Particle physics experiments

University of Michigan experiments en route to the International Space Station

ANN ARBOR – Research from the University of Michigan soared into space early this morning and is heading to the International Space Station.

A pair of experiments designed to study the impact of gravity on bone density left Earth aboard a Northrop Grumman Corp rocket. Antares from the Wallops Island, Virginia launch pad.

The mechanical engineers designed the experiments, which aim to understand the differences in bone density loss on Earth and in space.

The National Science Foundation funded the study, which is also sponsored by the ISS National Laboratory, in partnership with Space Tango.

UM Associate Professor of Mechanical Engineering Allen Liu and members of his research team shared how their work can help better understand osteoporosis and how astronauts can be safer during Q&A following published by the university:

What is the connection between bone density, osteoporosis and gravity that makes this space research relevant to everyday people?

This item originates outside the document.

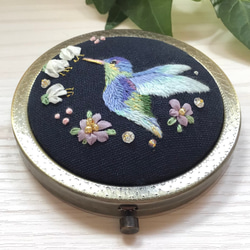 ハチドリ　ハミングバード　ミラー　手鏡　ハンドメイド　リボン　手刺繍　刺繍　プレゼント　ギフト　木苺 3枚目の画像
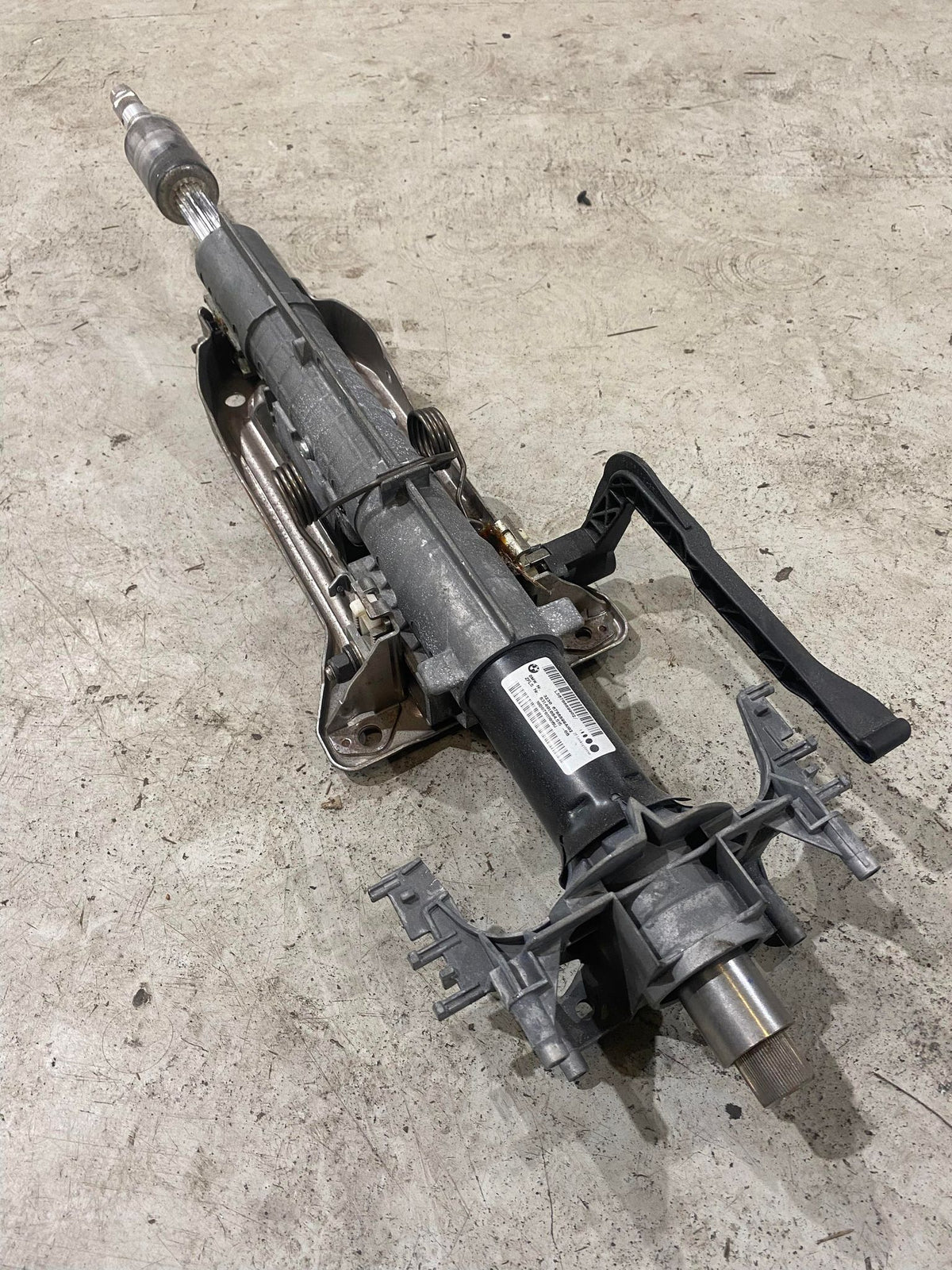 BMW 1 3 SERIES E82 E87 E88 E90 E92 E93 MANUALLY ADJUSTABLE STEERING COLOMN 6786899 - LRI Autoparts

Allen Liu: Osteoporosis weakens and brittle bones as individuals age, causing fractures even with mild strains and falls. There are an estimated 10 million cases in the United States and an additional 43 million with signs of low bone density.

A weightless environment, or microgravity, can cause physiological changes in bones and presents a unique research environment without the typical mechanical stresses of gravity. It also rapidly changes the way cells grow and function without the use of drugs or genetic engineering.

A cell’s stiffness can tell us its biological age, predict how it may decline in function, or its susceptibility to chronic disease over time. We’re testing the hypothesis that when cells don’t repel gravity, this reduction in stiffness makes them susceptible to the same kind of changes we see in osteoporosis. But we also think we can prevent these health effects by mechanically compressing cells in a way that mimics gravity.

How are you going to look at the rigidity of cells in space? What can this tell you about astronauts?

Nadab Wubshet, PhD student in mechanical engineering: We hypothesize that the absence of gravity can induce cell softening, which could be the cause of the bone loss observed in astronauts after long stays on the ISS. Astronauts do resistance exercises on board to create the compression effect that is absent without gravity.

To test cell stiffness on the ISS, we use an automated microfluidic device that uses fluids to trap individual cells and slowly increase pressure on each cell to induce strain. Fluorescent markers allow you to see its shape at each level of pressure. Our device is also integrated into a system that takes snapshots and videos that allow us to collect data to measure cell stiffness.

How could this benefit human health?

Wubshet: If our hypothesis proves correct, our results will provide excellent insight into how changes in physical forces like gravity affect the mechanical characteristics of bone cells and bone formation. A better understanding of the impact of native forces such as gravity on bone formation could provide insights into better diagnoses and treatments for people struggling with bone decay.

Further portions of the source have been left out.